Глыба истории строго очерчивает возможности человека, поле художника.

Но я не продолжаю дальше: оказалось, что метафора развертывается слишком легко и охотно.

Зыбкость границы между историческим и неисторическим произведением, существовавшая всегда, в эпохи возникновения новых культур становится особенно очевидной. За историей числилось все больше событий, принадлежность к историческому жанру становилась явственней по мере удаления от события. Но в эпохи социальных потрясений действительность превращается в историю больше, чем временем, значительностью самих событий. Между действительностью и историей дистанция сильно сокращена и стерта граница.

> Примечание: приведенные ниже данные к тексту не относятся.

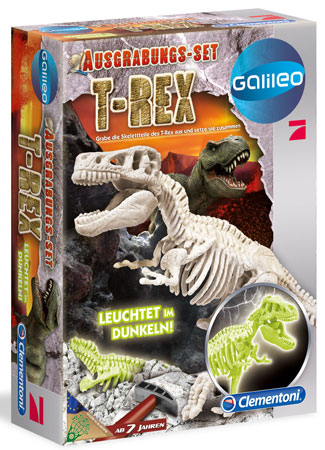 Galileo - Ausgrabungsset "T-Rex" nachtleuchtend (ExpK)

Новая эпоха всегда стремится изображать людей и события как обусловленные, порожденные и вызванные историей, а не психологией, случайностями и волей отдельных людей. Психология героя революционной литературы была более исторически отзывчива, исторический импульс поступков был более явствен, чем у его литературных предшественников. Влияние истории на поступки и духовный облик людей в литературе тех лет было прямо и непосредственно, в отличие от более ранней литературы, в которой историческая детерминация была опосредствована привычным бытом и сложившимися взаимоотношениями. Если в классическом романе история ощущается преимущественно как отдаленная мотивировка поступков, то в литературе революционных эпох воздействие, вмешательство истории происхо-дит непосредственно. Поступки людей связываются с событиями истории, обусловливаются его, из нее проистекают и ею оцениваются. Повышенная значительность бытия вызывает к жизни историческое искусство. Становление и развитие исторического жанра в мировой литературе всегда неминуемо связаны с эпохами войн и революций. Именно в такие эпохи писали Вальтер Скотт, Гёте, Шатобриан, Пушкин, Л. Толстой, Гюго.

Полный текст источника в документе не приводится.